Secondary Staging Tables

If data is required from another Staging table in the transform, define the table in the Secondary Staging Tables table, and how it joins to the primary (or other secondary).

  • Add Join Button. Click this button to specify details for the Secondary Staging Table. The Source Staging Table dialog appears.
    • Staging Table Name. Select the Secondary Staging table from the drop down.
    • Join On. Write an expression describing how the Secondary table joins to either the Primary Staging table, or other Secondary Staging tables. When referencing Staging columns in a T-SQL Expression, use the following convention Schema.Source_System_Abbrev_ Table_Name.Column_Name. Where the Schema for a staging table is ‘stg’ and for a persistent staging table is ‘psg’. The Join on Expression is used in a LEFT JOIN ON clause of the generated Source Query. The Generated Source query is generated as a LEFT JOIN to the Secondary Staging table. If you require a JOIN, then use a ‘Secondary Staging table key IS NOT NULL’ filter, to eliminate rows where there is no matching Secondary Staging table record.
    • Filter. In some cases, you may want to filter the data returned for the Secondary Staging table in the Transform process. Define the Filter, using an Expression. The filter is added to the Where clause of the generated Source query. When referencing Staging columns in a T-SQL Expression, use the following convention Source_System_Abbrev_ Table_Name.Column_Name. See the Expression Language section for details of how to refer to Staging and Warehouse tables and columns.
    • Tag Table. Define custom meta data for the Primary Staging table.

Match On

The Match On tab defines the columns of the Staging source tables that match to the business key(s) of the target Fact/Dimension for the purposes of identifying new and deleted source records. In the standard generated code, where a match is found, further comparison is made based on checksums, to determine if a change has been made to the target row.
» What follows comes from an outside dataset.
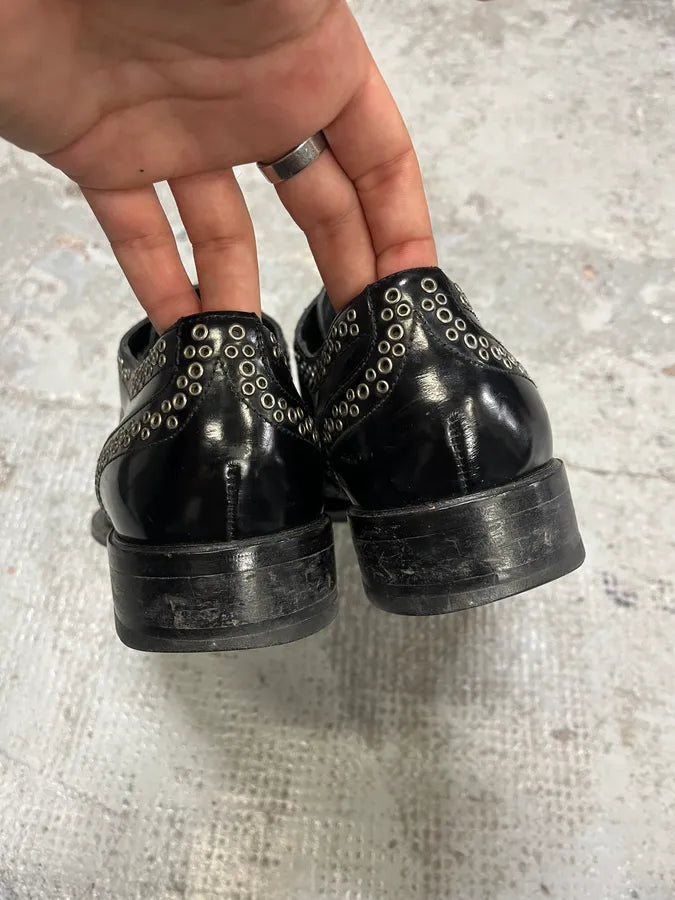 2000s Dsquared2 Black Eyled Leather Formal Shoes XOsueXs 5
There are 2 ways to define the match:

  1. Use the Match button below the bottom right of the table to automatically match Staging to Target Business key based on Name.
  2. Select the Match manually.
  • Staging Table. Select the Staging table that contains the Staging column.
  • Staging Column. Select the matching Staging Column.
  • … Button. Click the … button if it is necessary to define an expression on columns of the Staging source to match to the target business key. The expression language is T-SQL. When referencing Staging columns in a T-SQL Expression, use the following convention Schema.Source_System_Abbrev_ Table_Name.Column_Name. Where the Schema for a staging table is ‘stg’ and for a persistent staging table is ‘psg’. The expression should be written as if it were in the SELECT list of a T-SQL Query against the Staging database. E.g. Select expression FROM Staging table.
  • Filter By. In Rare cases, perhaps when you have defined multiple transforms on a Dimension, you may need to filter the Dimension table, to match the incoming Staging rows for that transformation. You can define the filter, by specifying a Where clause on the Dimension table. The Filter is a T-SQL expression written as if it were part of a Where clause e.g. SELECT * FROM Dimension WHERE Expression. Reference Dimension table columns by Name.

Transformation Tab

The transformation tab allows you to map Staging table columns to Attributes during the transformation.

There are 2 ways to define the mapping:

  1. Use the Auto Match link below the bottom right of the table to automatically match Staging to Target Attributes based on Name.
  2. Select the Mapping manually.
  • Double click a row or click Edit Mapping button to change the mapping for the column, define an expression mapping, and add a description to the mapping for documentation purposes. Click the button and the Transform Mapping dialog appears.
    • Staging Column Mapping. Select the Staging table and Staging Column mapping for the Target Attribute from the drop downs.
    • Write an expression for the mapping. Note the expression can only reference Staging columns. The expression language is T-SQL. When referencing Staging columns in a T-SQL Expression, use the following convention Schema.Source_System_Abbrev_ Table_Name.Column_Name. Where the Schema for a staging table is ‘stg’ and for a persistent staging table is ‘psg’. The expression should be written as if it were in the SELECT list of a T-SQL Query against the Staging database. E.g. SELECT expression FROM Staging_Table.
    • Transform Mapping Description. A description of the mapping for documentation purposes. Non Mandatory.
    • Transform Mapping Tags. Define custom meta Data for the mapping.

Advanced Tab

  • Transform Tags. Define custom Design/Meta Data for the Transform.
    Auto Generate Key. If the surrogate key for the Dimension is a ‘smart’ key (like 20100616 for a Calendar dimension), select false, and then specify the source Staging column that contains the ‘smart’ key. See the ‘Defining a Dimension with Smart Keys’ topic for more information.